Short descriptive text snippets
+--

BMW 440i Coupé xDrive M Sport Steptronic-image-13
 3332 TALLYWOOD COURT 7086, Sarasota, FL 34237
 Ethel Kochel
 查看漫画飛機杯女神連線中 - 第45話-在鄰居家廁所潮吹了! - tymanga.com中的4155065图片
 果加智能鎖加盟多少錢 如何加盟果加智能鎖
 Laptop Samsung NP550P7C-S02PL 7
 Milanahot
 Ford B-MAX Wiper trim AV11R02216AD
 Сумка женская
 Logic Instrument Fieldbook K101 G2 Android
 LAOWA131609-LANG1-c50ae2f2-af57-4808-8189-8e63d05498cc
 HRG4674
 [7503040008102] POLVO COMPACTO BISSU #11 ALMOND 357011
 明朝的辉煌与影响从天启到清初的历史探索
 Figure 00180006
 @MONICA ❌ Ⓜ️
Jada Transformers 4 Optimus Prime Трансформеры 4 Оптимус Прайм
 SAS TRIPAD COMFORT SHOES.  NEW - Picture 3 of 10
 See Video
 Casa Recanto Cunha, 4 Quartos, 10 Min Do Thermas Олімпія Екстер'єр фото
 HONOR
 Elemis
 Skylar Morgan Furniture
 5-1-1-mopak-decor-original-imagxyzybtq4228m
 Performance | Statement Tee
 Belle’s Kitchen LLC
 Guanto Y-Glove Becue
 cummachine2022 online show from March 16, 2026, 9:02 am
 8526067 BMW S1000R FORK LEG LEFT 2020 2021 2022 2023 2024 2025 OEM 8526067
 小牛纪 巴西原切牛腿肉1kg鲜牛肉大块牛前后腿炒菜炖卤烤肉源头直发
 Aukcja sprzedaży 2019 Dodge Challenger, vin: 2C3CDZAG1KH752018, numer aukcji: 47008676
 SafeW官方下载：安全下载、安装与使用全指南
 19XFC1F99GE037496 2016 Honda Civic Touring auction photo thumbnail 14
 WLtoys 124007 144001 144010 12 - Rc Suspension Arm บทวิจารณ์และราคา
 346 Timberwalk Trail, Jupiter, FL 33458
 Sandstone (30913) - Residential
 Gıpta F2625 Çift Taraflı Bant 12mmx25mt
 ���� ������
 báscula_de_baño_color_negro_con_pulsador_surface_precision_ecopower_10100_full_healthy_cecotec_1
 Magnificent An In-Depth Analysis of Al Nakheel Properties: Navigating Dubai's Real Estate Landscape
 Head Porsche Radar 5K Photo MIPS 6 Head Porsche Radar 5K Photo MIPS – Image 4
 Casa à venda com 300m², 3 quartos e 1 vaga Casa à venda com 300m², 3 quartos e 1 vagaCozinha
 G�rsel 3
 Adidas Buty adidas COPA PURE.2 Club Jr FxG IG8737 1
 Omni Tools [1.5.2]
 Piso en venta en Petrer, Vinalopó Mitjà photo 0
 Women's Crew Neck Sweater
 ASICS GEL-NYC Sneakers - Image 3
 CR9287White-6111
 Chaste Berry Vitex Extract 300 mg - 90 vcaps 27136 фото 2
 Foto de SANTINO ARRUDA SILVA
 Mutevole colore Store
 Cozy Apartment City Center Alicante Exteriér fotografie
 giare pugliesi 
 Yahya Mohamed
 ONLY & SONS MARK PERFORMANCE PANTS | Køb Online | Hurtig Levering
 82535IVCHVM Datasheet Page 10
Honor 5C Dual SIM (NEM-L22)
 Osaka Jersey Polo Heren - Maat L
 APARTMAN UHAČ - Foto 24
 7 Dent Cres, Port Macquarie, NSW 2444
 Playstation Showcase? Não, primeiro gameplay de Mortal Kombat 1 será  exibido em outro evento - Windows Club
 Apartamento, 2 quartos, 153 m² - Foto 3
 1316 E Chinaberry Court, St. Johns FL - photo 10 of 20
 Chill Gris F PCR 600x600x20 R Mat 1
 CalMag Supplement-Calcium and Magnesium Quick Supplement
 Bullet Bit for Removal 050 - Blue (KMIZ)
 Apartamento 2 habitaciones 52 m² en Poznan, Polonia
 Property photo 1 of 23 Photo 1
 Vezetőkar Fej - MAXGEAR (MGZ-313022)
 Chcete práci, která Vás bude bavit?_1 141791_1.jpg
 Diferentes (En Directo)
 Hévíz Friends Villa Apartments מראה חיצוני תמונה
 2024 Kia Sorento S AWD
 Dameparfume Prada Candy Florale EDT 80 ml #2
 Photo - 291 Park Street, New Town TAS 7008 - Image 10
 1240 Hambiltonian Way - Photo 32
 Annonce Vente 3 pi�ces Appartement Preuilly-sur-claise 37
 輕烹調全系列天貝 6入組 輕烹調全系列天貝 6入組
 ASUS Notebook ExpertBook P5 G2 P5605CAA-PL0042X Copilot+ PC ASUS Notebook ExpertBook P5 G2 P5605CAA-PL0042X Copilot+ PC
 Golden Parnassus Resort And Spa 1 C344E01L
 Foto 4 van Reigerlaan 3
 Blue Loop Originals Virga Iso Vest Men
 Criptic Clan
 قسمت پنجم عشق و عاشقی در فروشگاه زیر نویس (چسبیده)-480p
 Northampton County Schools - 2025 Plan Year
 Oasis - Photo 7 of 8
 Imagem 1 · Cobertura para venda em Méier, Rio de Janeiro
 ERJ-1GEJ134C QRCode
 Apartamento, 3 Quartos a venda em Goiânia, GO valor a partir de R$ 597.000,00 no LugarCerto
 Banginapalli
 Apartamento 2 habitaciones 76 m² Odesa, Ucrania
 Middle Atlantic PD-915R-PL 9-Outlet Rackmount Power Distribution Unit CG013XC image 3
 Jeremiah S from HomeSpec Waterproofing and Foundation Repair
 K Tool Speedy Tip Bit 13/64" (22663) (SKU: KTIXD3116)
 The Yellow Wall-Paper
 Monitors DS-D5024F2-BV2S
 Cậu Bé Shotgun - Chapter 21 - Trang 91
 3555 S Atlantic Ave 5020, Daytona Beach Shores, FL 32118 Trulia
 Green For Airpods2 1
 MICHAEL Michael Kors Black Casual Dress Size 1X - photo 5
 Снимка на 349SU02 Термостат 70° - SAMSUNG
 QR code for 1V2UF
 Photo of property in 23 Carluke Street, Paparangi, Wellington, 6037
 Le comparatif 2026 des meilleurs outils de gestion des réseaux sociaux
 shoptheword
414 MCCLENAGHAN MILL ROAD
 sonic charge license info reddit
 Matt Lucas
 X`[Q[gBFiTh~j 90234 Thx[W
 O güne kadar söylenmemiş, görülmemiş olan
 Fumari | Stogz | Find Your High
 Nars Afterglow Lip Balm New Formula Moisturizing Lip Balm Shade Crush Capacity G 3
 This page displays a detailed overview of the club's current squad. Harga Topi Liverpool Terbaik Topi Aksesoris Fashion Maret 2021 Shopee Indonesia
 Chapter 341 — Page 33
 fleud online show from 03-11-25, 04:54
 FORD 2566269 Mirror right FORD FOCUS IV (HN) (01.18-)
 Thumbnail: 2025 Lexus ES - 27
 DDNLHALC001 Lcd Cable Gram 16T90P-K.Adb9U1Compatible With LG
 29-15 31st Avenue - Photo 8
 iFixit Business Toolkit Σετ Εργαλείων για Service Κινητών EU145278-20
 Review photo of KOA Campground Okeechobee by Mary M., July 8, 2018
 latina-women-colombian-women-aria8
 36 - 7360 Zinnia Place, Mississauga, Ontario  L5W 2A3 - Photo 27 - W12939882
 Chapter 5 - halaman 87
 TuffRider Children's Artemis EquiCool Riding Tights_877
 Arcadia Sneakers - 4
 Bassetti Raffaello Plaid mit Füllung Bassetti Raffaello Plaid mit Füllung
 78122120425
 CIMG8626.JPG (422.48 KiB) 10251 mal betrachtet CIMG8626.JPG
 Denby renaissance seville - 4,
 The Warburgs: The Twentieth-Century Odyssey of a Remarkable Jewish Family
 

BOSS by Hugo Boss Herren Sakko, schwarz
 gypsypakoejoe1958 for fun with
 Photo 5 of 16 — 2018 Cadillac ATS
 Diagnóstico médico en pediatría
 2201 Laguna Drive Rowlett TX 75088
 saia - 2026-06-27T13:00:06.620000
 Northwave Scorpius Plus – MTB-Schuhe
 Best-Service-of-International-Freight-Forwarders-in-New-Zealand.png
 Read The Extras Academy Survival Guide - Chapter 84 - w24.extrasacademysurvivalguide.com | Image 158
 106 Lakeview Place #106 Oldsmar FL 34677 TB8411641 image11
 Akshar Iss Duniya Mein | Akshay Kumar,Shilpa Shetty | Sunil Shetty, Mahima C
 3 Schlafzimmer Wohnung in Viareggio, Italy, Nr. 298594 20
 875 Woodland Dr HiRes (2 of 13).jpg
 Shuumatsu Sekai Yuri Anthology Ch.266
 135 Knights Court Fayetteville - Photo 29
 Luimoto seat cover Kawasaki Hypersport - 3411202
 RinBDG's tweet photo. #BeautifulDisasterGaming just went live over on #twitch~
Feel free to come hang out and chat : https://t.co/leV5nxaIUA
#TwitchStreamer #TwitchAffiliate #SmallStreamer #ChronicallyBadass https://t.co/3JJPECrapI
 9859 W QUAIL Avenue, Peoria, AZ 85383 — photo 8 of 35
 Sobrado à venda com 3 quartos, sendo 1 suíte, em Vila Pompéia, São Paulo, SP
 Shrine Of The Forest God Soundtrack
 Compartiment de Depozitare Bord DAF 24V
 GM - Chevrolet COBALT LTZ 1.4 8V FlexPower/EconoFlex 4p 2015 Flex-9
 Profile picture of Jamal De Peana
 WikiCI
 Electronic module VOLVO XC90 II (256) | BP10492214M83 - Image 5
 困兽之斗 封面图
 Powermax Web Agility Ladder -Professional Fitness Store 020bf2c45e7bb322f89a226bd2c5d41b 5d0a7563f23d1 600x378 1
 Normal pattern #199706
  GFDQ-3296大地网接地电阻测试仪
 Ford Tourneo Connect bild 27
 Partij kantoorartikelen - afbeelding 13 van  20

+--

▶ YOUR GOAL: Only the lines above starting with the one with "Figure 00180006" and going through the one with "小牛纪 巴西原切牛腿肉1kg鲜牛肉大块牛前后腿炒菜炖卤烤肉源头直发" are to be copied, word for word and with both ends kept.

▶ RESULT OF THE TASK:
 Figure 00180006
 @MONICA ❌ Ⓜ️
Jada Transformers 4 Optimus Prime Трансформеры 4 Оптимус Прайм
 SAS TRIPAD COMFORT SHOES.  NEW - Picture 3 of 10
 See Video
 Casa Recanto Cunha, 4 Quartos, 10 Min Do Thermas Олімпія Екстер'єр фото
 HONOR
 Elemis
 Skylar Morgan Furniture
 5-1-1-mopak-decor-original-imagxyzybtq4228m
 Performance | Statement Tee
 Belle’s Kitchen LLC
 Guanto Y-Glove Becue
 cummachine2022 online show from March 16, 2026, 9:02 am
 8526067 BMW S1000R FORK LEG LEFT 2020 2021 2022 2023 2024 2025 OEM 8526067
 小牛纪 巴西原切牛腿肉1kg鲜牛肉大块牛前后腿炒菜炖卤烤肉源头直发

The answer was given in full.